### TASK STATEMENT
Your output must be the lines below from the line containing "Football Manager Mick" to the line containing "Bridge Footwear Sneaker", both lines included, reproduced exactly and without pictures.

--- RECORDS SUPPLIED ---

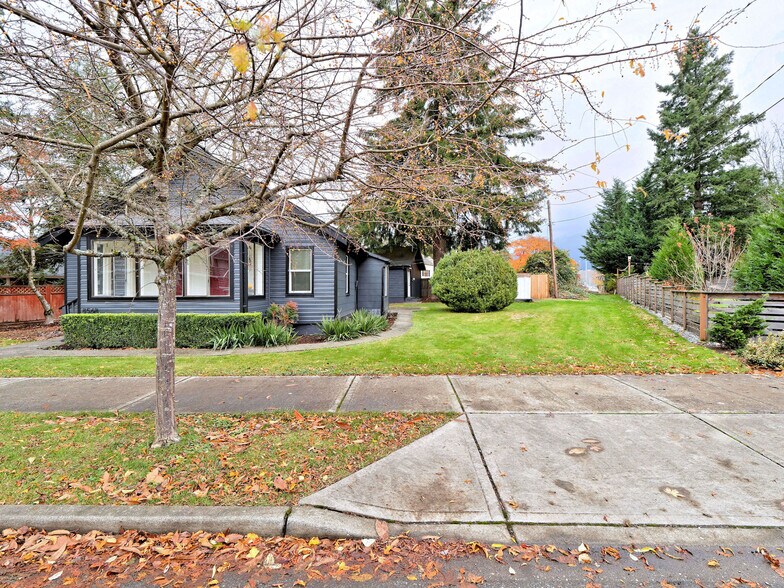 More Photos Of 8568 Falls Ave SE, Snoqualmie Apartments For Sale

---
--- RECORDS SUPPLIED ---

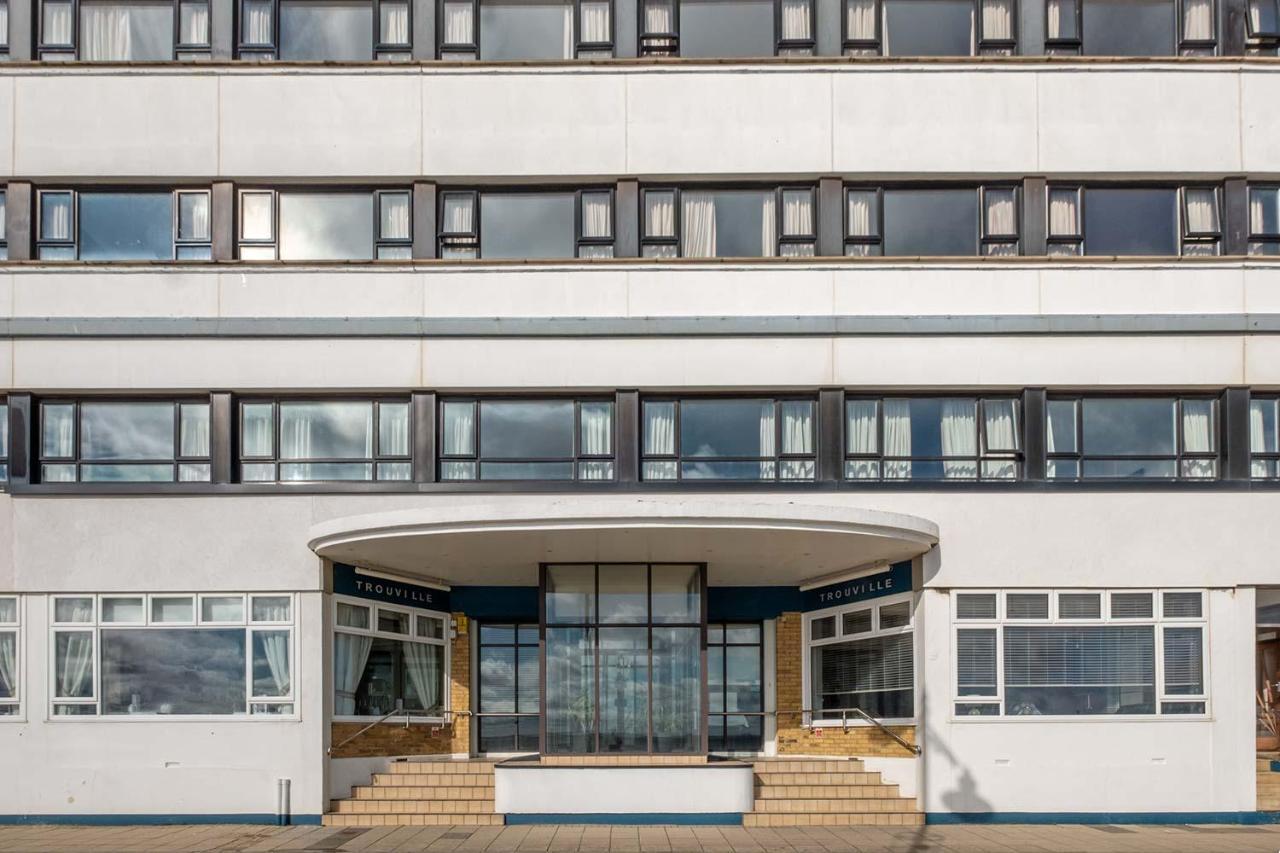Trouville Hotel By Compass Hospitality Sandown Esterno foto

---
--- RECORDS SUPPLIED ---

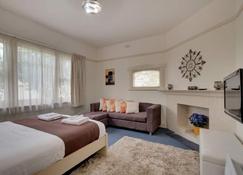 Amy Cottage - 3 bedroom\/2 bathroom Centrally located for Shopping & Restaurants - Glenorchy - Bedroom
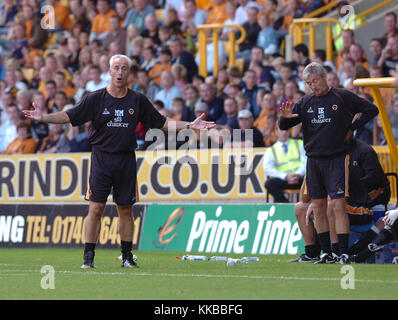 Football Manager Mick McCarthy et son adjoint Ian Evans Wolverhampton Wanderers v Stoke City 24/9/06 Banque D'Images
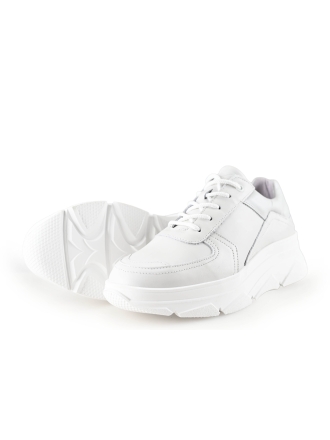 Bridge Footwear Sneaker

---

### TASK RESPONSE
 Football Manager Mick McCarthy et son adjoint Ian Evans Wolverhampton Wanderers v Stoke City 24/9/06 Banque D'Images
 Bridge Footwear Sneaker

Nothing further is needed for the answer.